Friday, 16 September 2011

Netanyahu set for UN diplomatic showdown

Benjamin Netanyahu, the Israeli prime minister, will address the UN General Assembly on Friday next week, setting the stage for a potentially dramatic diplomatic showdown with the Palestinians. He will speak on the same day that Mahmoud Abbas, the Palestinian leader, is due to deliver a landmark speech calling on the global body to support Palestinian statehood.
“The General Assembly is not a place where Israel usually receives a fair hearing,” Mr Netanyahu said on Thursday. “But I still decided to tell the truth before anyone who would like to hear it.”
The Israeli government, which opposes the Palestinian UN bid, had originally considered sending Shimon Peres, the Israeli president, to New York. Mr Peres is widely seen as a less divisive figure on the international stage than the prime minister.

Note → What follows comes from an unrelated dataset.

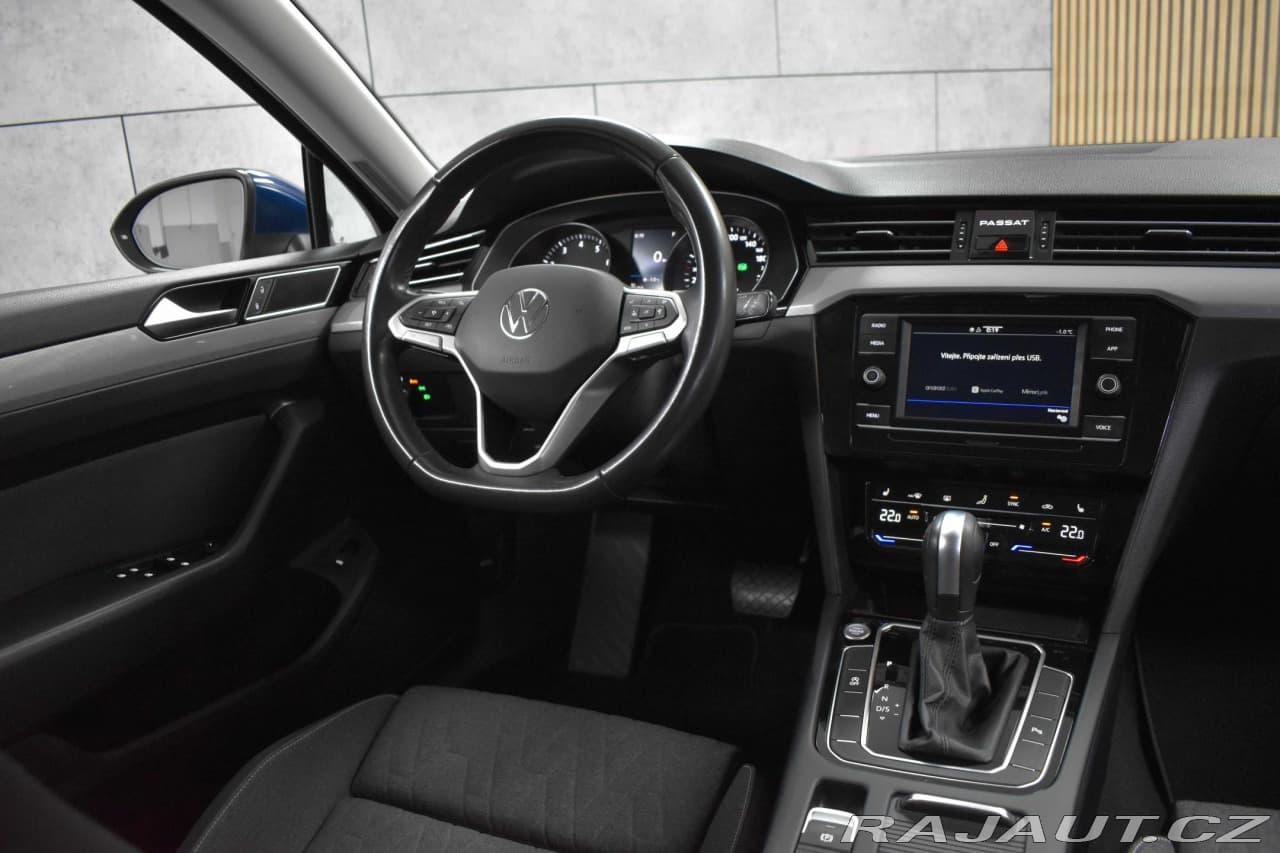 2022 Volkswagen Passat - 8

However, a failure by Mr Netanyahu to turn up at the UN next week could also have been interpreted as an unnecessary snub to the UN at a time when Israel is already facing growing diplomatic isolation.
The announcement suggests that the Israeli government now has little faith in the last-ditch effort by US and European negotiators to stop the Palestinian drive for statehood at the UN. According to several officials and diplomats, Mr Abbas on Wednesday rebuffed an alternative “package” that was drafted and presented by Tony Blair, the international community’s Middle East envoy.
The deal would have involved a statement by the Middle East Quartet (the US, UN, Russia and the European Union) calling for a return to direct negotiations between Israel and the Palestinians. The statement would have included a timeline for negotiations and clearer terms of reference than were offered in the past – for example on the likely borders of a future Palestinian state. The package, according to several people involved in the talks, also held out the promise of a UN resolution, though one that would have stopped short of endorsing Palestinian statehood at this point.
Mr Abbas, however, told Mr Blair that the deal on offer was not sufficient. Palestinian officials said it fell short of, among other things, the Palestinian demand for Israel to freeze construction in Jewish West Bank settlements. It was also unclear whether the Israeli government itself was ready to accept the Quartet statement – a key point for Palestinian negotiators.
“We believe these last-minute moves were not for the sake of restarting peace talks, but for the sake of preventing the Palestinians from going to the UN,” one Palestinian official based in Ramallah said.
Mr Abbas is still facing strong pressure from senior US officials to step back from the UN move. However, most officials and diplomats believe that there is now little chance of stopping a Palestinian bid for statehood, which could take place either at the UN Security Council or in the UN General Assembly.
Mr Abbas himself is scheduled to give a television address on Friday night, amid speculation that he will use the broadcast to finally reveal the precise Palestinian proposal for statehood at the UN.